Exercise directions
Copy all the lines below without altering anything.

Records
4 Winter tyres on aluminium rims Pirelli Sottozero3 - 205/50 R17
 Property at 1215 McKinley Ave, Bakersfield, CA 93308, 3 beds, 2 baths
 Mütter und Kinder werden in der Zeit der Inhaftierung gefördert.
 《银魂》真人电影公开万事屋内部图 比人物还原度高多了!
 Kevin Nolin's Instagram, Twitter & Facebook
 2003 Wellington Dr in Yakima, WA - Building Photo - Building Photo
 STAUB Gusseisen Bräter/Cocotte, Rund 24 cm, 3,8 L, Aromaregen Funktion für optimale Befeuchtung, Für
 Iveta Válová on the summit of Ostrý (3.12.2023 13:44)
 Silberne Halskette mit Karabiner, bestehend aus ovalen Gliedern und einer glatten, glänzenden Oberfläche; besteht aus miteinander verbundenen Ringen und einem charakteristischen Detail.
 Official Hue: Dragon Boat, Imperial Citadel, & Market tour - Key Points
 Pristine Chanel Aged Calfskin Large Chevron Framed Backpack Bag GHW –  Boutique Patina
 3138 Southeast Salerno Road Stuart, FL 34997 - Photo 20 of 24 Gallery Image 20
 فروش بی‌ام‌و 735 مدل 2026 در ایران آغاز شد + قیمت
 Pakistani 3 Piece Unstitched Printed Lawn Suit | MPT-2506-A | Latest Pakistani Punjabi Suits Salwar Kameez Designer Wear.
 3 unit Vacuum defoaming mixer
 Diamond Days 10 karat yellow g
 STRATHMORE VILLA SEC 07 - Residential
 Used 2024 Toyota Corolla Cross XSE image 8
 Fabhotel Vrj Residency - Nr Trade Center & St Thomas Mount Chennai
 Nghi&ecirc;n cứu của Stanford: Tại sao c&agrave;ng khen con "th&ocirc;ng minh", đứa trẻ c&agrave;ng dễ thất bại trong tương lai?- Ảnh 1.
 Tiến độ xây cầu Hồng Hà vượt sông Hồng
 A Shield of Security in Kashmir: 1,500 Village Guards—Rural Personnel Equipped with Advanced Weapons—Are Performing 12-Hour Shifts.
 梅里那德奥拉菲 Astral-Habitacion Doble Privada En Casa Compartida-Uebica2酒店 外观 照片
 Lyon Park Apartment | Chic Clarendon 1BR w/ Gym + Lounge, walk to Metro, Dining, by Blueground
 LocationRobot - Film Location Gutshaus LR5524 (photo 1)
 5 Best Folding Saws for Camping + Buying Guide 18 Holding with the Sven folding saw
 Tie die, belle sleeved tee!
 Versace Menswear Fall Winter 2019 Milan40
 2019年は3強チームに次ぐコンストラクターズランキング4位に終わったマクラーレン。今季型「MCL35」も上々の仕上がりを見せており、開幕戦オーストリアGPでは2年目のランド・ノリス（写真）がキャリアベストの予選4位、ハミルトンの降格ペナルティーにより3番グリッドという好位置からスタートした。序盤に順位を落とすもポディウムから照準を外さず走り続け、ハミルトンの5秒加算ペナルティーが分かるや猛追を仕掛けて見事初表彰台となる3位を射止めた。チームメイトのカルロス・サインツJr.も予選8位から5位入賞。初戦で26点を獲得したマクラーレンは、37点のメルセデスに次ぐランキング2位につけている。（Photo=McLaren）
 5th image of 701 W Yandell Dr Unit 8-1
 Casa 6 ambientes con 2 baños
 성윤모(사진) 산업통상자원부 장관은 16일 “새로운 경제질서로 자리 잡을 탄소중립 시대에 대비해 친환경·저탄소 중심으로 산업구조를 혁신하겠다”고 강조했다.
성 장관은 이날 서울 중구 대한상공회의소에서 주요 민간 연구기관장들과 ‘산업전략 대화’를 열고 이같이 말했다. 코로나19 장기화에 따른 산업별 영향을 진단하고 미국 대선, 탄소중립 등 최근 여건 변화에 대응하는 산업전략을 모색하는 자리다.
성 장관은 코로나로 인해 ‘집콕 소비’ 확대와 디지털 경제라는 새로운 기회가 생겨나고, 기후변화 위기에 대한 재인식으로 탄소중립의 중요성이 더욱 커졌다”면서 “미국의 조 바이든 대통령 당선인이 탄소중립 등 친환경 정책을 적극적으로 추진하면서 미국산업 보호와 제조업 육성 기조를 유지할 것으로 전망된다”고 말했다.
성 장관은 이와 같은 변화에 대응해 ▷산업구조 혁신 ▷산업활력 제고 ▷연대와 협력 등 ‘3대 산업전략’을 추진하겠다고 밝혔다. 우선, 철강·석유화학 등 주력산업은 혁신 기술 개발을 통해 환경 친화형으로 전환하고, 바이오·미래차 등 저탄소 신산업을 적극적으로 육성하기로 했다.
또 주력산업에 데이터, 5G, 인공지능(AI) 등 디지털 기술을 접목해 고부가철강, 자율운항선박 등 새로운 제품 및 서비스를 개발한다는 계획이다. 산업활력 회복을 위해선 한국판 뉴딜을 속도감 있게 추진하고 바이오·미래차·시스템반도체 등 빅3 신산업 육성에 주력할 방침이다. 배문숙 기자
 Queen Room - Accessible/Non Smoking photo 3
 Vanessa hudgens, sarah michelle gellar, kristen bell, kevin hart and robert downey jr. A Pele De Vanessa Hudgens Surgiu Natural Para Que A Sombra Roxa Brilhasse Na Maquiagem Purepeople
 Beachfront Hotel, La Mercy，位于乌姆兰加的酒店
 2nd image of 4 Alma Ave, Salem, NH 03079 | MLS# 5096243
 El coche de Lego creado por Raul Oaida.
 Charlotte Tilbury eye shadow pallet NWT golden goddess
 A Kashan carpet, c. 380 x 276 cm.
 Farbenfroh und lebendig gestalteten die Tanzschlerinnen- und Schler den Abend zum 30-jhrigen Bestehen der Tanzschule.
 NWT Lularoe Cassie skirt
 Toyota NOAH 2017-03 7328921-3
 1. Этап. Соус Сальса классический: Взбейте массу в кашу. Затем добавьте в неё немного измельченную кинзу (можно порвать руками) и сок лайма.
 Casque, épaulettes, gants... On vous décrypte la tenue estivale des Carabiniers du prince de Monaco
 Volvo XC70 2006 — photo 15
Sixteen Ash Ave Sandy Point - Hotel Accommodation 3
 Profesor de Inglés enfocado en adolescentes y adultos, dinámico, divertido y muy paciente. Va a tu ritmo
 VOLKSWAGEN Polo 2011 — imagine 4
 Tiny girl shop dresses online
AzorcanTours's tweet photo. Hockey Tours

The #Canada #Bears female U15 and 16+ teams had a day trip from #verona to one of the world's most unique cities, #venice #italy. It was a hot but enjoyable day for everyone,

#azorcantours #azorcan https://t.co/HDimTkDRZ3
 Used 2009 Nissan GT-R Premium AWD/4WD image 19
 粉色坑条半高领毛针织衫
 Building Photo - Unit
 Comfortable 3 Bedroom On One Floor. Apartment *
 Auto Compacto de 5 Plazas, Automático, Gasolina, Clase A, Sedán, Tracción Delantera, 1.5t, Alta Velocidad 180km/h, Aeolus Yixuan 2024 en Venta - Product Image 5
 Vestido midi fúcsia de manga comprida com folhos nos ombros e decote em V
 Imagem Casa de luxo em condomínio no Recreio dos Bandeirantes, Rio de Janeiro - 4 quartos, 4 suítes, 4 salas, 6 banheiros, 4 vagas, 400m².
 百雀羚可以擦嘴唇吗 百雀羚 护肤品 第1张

Solution for this task
4 Winter tyres on aluminium rims Pirelli Sottozero3 - 205/50 R17
 Property at 1215 McKinley Ave, Bakersfield, CA 93308, 3 beds, 2 baths
 Mütter und Kinder werden in der Zeit der Inhaftierung gefördert.
 《银魂》真人电影公开万事屋内部图 比人物还原度高多了!
 Kevin Nolin's Instagram, Twitter & Facebook
 2003 Wellington Dr in Yakima, WA - Building Photo - Building Photo
 STAUB Gusseisen Bräter/Cocotte, Rund 24 cm, 3,8 L, Aromaregen Funktion für optimale Befeuchtung, Für
 Iveta Válová on the summit of Ostrý (3.12.2023 13:44)
 Silberne Halskette mit Karabiner, bestehend aus ovalen Gliedern und einer glatten, glänzenden Oberfläche; besteht aus miteinander verbundenen Ringen und einem charakteristischen Detail.
 Official Hue: Dragon Boat, Imperial Citadel, & Market tour - Key Points
 Pristine Chanel Aged Calfskin Large Chevron Framed Backpack Bag GHW –  Boutique Patina
 3138 Southeast Salerno Road Stuart, FL 34997 - Photo 20 of 24 Gallery Image 20
 فروش بی‌ام‌و 735 مدل 2026 در ایران آغاز شد + قیمت
 Pakistani 3 Piece Unstitched Printed Lawn Suit | MPT-2506-A | Latest Pakistani Punjabi Suits Salwar Kameez Designer Wear.
 3 unit Vacuum defoaming mixer
 Diamond Days 10 karat yellow g
 STRATHMORE VILLA SEC 07 - Residential
 Used 2024 Toyota Corolla Cross XSE image 8
 Fabhotel Vrj Residency - Nr Trade Center & St Thomas Mount Chennai
 Nghi&ecirc;n cứu của Stanford: Tại sao c&agrave;ng khen con "th&ocirc;ng minh", đứa trẻ c&agrave;ng dễ thất bại trong tương lai?- Ảnh 1.
 Tiến độ xây cầu Hồng Hà vượt sông Hồng
 A Shield of Security in Kashmir: 1,500 Village Guards—Rural Personnel Equipped with Advanced Weapons—Are Performing 12-Hour Shifts.
 梅里那德奥拉菲 Astral-Habitacion Doble Privada En Casa Compartida-Uebica2酒店 外观 照片
 Lyon Park Apartment | Chic Clarendon 1BR w/ Gym + Lounge, walk to Metro, Dining, by Blueground
 LocationRobot - Film Location Gutshaus LR5524 (photo 1)
 5 Best Folding Saws for Camping + Buying Guide 18 Holding with the Sven folding saw
 Tie die, belle sleeved tee!
 Versace Menswear Fall Winter 2019 Milan40
 2019年は3強チームに次ぐコンストラクターズランキング4位に終わったマクラーレン。今季型「MCL35」も上々の仕上がりを見せており、開幕戦オーストリアGPでは2年目のランド・ノリス（写真）がキャリアベストの予選4位、ハミルトンの降格ペナルティーにより3番グリッドという好位置からスタートした。序盤に順位を落とすもポディウムから照準を外さず走り続け、ハミルトンの5秒加算ペナルティーが分かるや猛追を仕掛けて見事初表彰台となる3位を射止めた。チームメイトのカルロス・サインツJr.も予選8位から5位入賞。初戦で26点を獲得したマクラーレンは、37点のメルセデスに次ぐランキング2位につけている。（Photo=McLaren）
 5th image of 701 W Yandell Dr Unit 8-1
 Casa 6 ambientes con 2 baños
 성윤모(사진) 산업통상자원부 장관은 16일 “새로운 경제질서로 자리 잡을 탄소중립 시대에 대비해 친환경·저탄소 중심으로 산업구조를 혁신하겠다”고 강조했다.
성 장관은 이날 서울 중구 대한상공회의소에서 주요 민간 연구기관장들과 ‘산업전략 대화’를 열고 이같이 말했다. 코로나19 장기화에 따른 산업별 영향을 진단하고 미국 대선, 탄소중립 등 최근 여건 변화에 대응하는 산업전략을 모색하는 자리다.
성 장관은 코로나로 인해 ‘집콕 소비’ 확대와 디지털 경제라는 새로운 기회가 생겨나고, 기후변화 위기에 대한 재인식으로 탄소중립의 중요성이 더욱 커졌다”면서 “미국의 조 바이든 대통령 당선인이 탄소중립 등 친환경 정책을 적극적으로 추진하면서 미국산업 보호와 제조업 육성 기조를 유지할 것으로 전망된다”고 말했다.
성 장관은 이와 같은 변화에 대응해 ▷산업구조 혁신 ▷산업활력 제고 ▷연대와 협력 등 ‘3대 산업전략’을 추진하겠다고 밝혔다. 우선, 철강·석유화학 등 주력산업은 혁신 기술 개발을 통해 환경 친화형으로 전환하고, 바이오·미래차 등 저탄소 신산업을 적극적으로 육성하기로 했다.
또 주력산업에 데이터, 5G, 인공지능(AI) 등 디지털 기술을 접목해 고부가철강, 자율운항선박 등 새로운 제품 및 서비스를 개발한다는 계획이다. 산업활력 회복을 위해선 한국판 뉴딜을 속도감 있게 추진하고 바이오·미래차·시스템반도체 등 빅3 신산업 육성에 주력할 방침이다. 배문숙 기자
 Queen Room - Accessible/Non Smoking photo 3
 Vanessa hudgens, sarah michelle gellar, kristen bell, kevin hart and robert downey jr. A Pele De Vanessa Hudgens Surgiu Natural Para Que A Sombra Roxa Brilhasse Na Maquiagem Purepeople
 Beachfront Hotel, La Mercy，位于乌姆兰加的酒店
 2nd image of 4 Alma Ave, Salem, NH 03079 | MLS# 5096243
 El coche de Lego creado por Raul Oaida.
 Charlotte Tilbury eye shadow pallet NWT golden goddess
 A Kashan carpet, c. 380 x 276 cm.
 Farbenfroh und lebendig gestalteten die Tanzschlerinnen- und Schler den Abend zum 30-jhrigen Bestehen der Tanzschule.
 NWT Lularoe Cassie skirt
 Toyota NOAH 2017-03 7328921-3
 1. Этап. Соус Сальса классический: Взбейте массу в кашу. Затем добавьте в неё немного измельченную кинзу (можно порвать руками) и сок лайма.
 Casque, épaulettes, gants... On vous décrypte la tenue estivale des Carabiniers du prince de Monaco
 Volvo XC70 2006 — photo 15
Sixteen Ash Ave Sandy Point - Hotel Accommodation 3
 Profesor de Inglés enfocado en adolescentes y adultos, dinámico, divertido y muy paciente. Va a tu ritmo
 VOLKSWAGEN Polo 2011 — imagine 4
 Tiny girl shop dresses online
AzorcanTours's tweet photo. Hockey Tours

The #Canada #Bears female U15 and 16+ teams had a day trip from #verona to one of the world's most unique cities, #venice #italy. It was a hot but enjoyable day for everyone,

#azorcantours #azorcan https://t.co/HDimTkDRZ3
 Used 2009 Nissan GT-R Premium AWD/4WD image 19
 粉色坑条半高领毛针织衫
 Building Photo - Unit
 Comfortable 3 Bedroom On One Floor. Apartment *
 Auto Compacto de 5 Plazas, Automático, Gasolina, Clase A, Sedán, Tracción Delantera, 1.5t, Alta Velocidad 180km/h, Aeolus Yixuan 2024 en Venta - Product Image 5
 Vestido midi fúcsia de manga comprida com folhos nos ombros e decote em V
 Imagem Casa de luxo em condomínio no Recreio dos Bandeirantes, Rio de Janeiro - 4 quartos, 4 suítes, 4 salas, 6 banheiros, 4 vagas, 400m².
 百雀羚可以擦嘴唇吗 百雀羚 护肤品 第1张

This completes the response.